The childish reaction to TPRS is to say that it doesn’t work. But we are not children. We are adults, and we know the power we have to impact change in our classrooms. But in order to make these changes, we must surrender our embedded biases about teaching, and about relaxing.
Many younger teachers are entered the profession now – look at them. The privileges of youth allow them to enter carrying less baggage, and many of their hearts are really open. Let us give them a reason to keep their hearts open for as long as they care to teach. Let us give them this wonderful narrative approach to teaching that Dr. Krashen puts at the top of the list of all options in language teaching. If we don’t, how will they ever know what true teaching is?

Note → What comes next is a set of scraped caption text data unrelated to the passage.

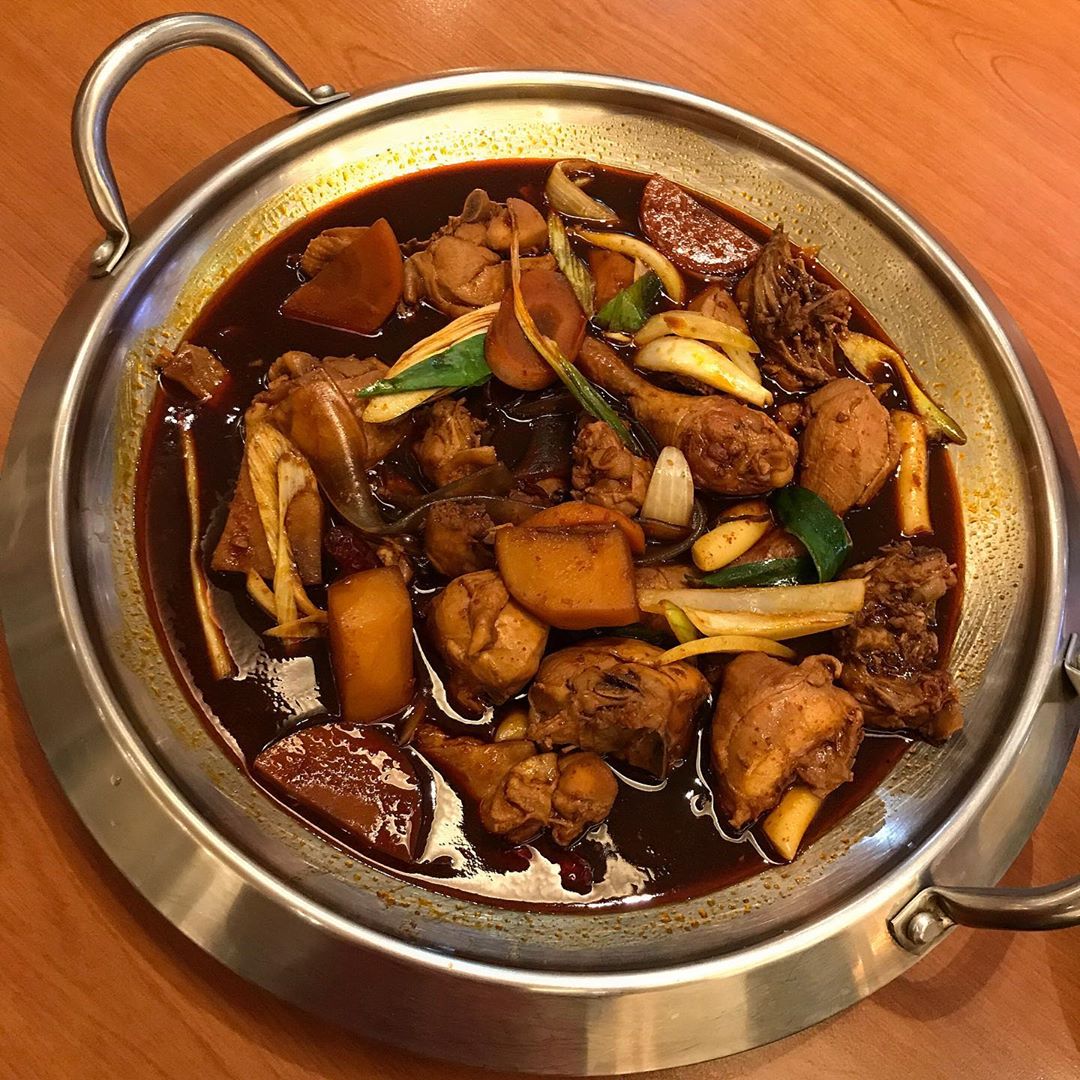 ෆ 리뷰노트 ෆ on Instagram: “#동대문흥부찜닭 ⠀ 📍서울 중구 을지로 264 롯데피트인 8층 ⠀ 🕚 매일 11:00 - 22:00 ⠀ 🏷 흥부간장찜닭 25,000 🏷 흥부주먹밥 4,000 ⠀ ⠀ ⠀ 찜닭 좋아하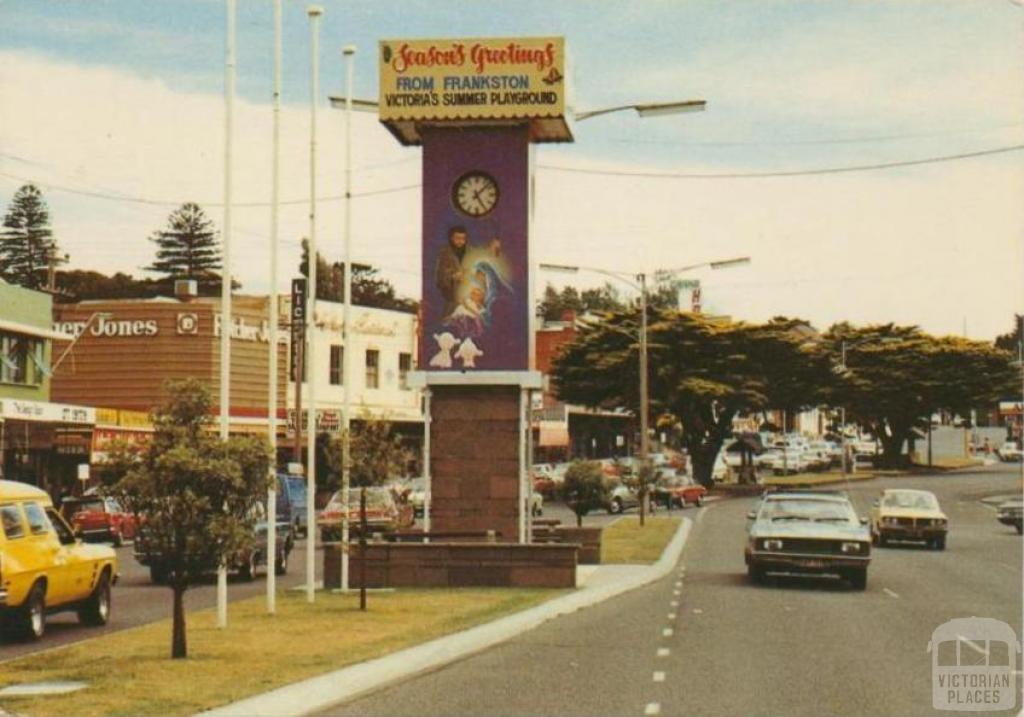 Nepean Highway as it passes through the main shopping centre of Frankston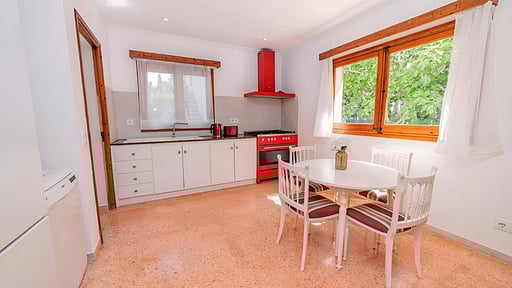 Can Mir Ruth Kitchen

*I used to back up a musician on violin. Once we played a concert in Kiawah Island, SC. After one song Glen (Fox) wanted to introduce me to the crowd. He asked me to take a bow. My bow sucked, I wasn’t feelin’ it. I was nervous. Glen turned to the crowd and said, “Hey, Ben is working on his bows tonite. Can we have another round of applause just for him?” Then he looked at me and his intense look referred to something he had said to me earlier that day, where he told me that the audience wanted to be recognized by the performer and how in bowing to the audience the performer should figuratively take his hands into his chest and literally pull his heart open to them. He looked at me and made that motion and I had to do it. It was horrible. I didn’t mean it. I preferred being scared. My smile was so fake. But I got the message and it has stayed with me ever since. If we for once think that we shouldn’t figuratively reach into our chests and open up our hearts to our kids every day, we might as well go back to the old way of teaching, the Mitch McConnell way, if you will, and get ready to lose our jobs just like everybody else who doesn’t embrace comprehension based instruction.